Maybe, if we learned to pay attention, to notice when love is shown, and accept it at face value, we’d have more reason to express love “without calculation or reservation” as we celebrate together instead of as we mourn.
I think that is the “marathon” Glenn proposes that we run together.
From that post:
Until I’d run the Boston Marathon, I had no idea that an entire city could, without calculation or reservation, express so much love.
That’s what I thought about when I saw the explosion, and the police who ran toward the scene rather than away from it. I grieved for the runners and spectators who had been hurt or killed. And I wondered what would happen to all that love.
I hope it never goes away.
This was, in a “no-coincidences” fashion, the Daily Dose of Dynamite that went out that Monday morning. These are, as most of you would have guessed, written and loaded days in advance – so it wasn’t a commentary on the Boston Marathon. But I couldn’t write anything better after knowing what had happened than I did when I entered that email several days ago…

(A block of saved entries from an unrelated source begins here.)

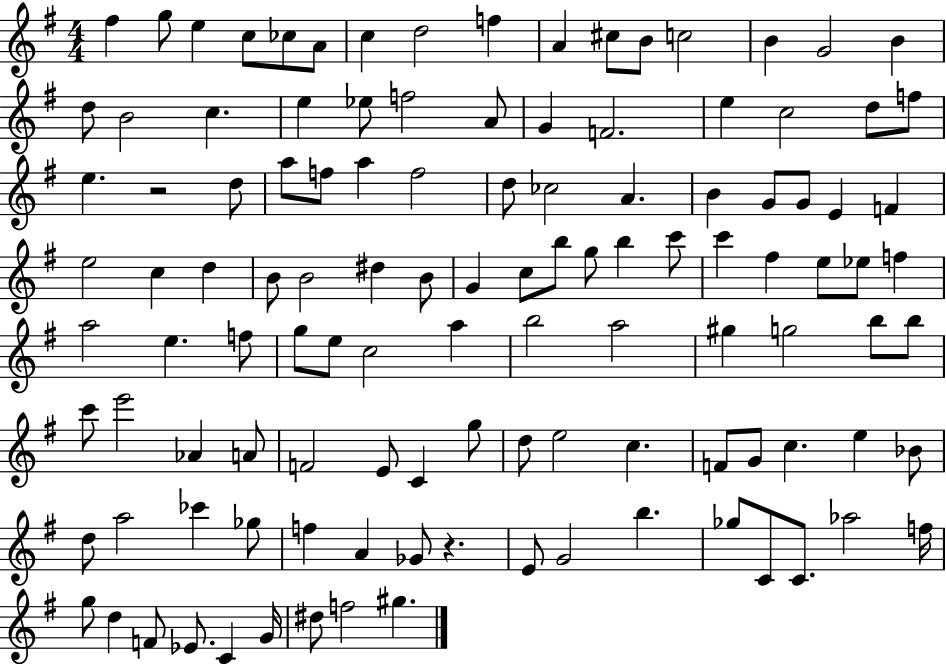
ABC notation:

X:1
T:Untitled
M:4/4
L:1/4
K:G
^f g/2 e c/2 _c/2 A/2 c d2 f A ^c/2 B/2 c2 B G2 B d/2 B2 c e _e/2 f2 A/2 G F2 e c2 d/2 f/2 e z2 d/2 a/2 f/2 a f2 d/2 _c2 A B G/2 G/2 E F e2 c d B/2 B2 ^d B/2 G c/2 b/2 g/2 b c'/2 c' ^f e/2 _e/2 f a2 e f/2 g/2 e/2 c2 a b2 a2 ^g g2 b/2 b/2 c'/2 e'2 _A A/2 F2 E/2 C g/2 d/2 e2 c F/2 G/2 c e _B/2 d/2 a2 _c' _g/2 f A _G/2 z E/2 G2 b _g/2 C/2 C/2 _a2 f/4 g/2 d F/2 _E/2 C G/4 ^d/2 f2 ^g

“The human spirit is stronger than human nature. The worst that human nature can dish out, the human spirit can overcome.”
I’ve had my chances to test that theory, and I’ll bet you have too. But history – mine, yours, and that of the whole human race – says it’s still the truth.
Dixie
www.DailyDoseofDynamite.com
As I began to receive responses from readers asking me if that was intended as a comment on events in Boston, I had to ask myself if I still believed it to be true. Yes, I do. More than ever.
Because the human spirit has an unlimited capacity for love.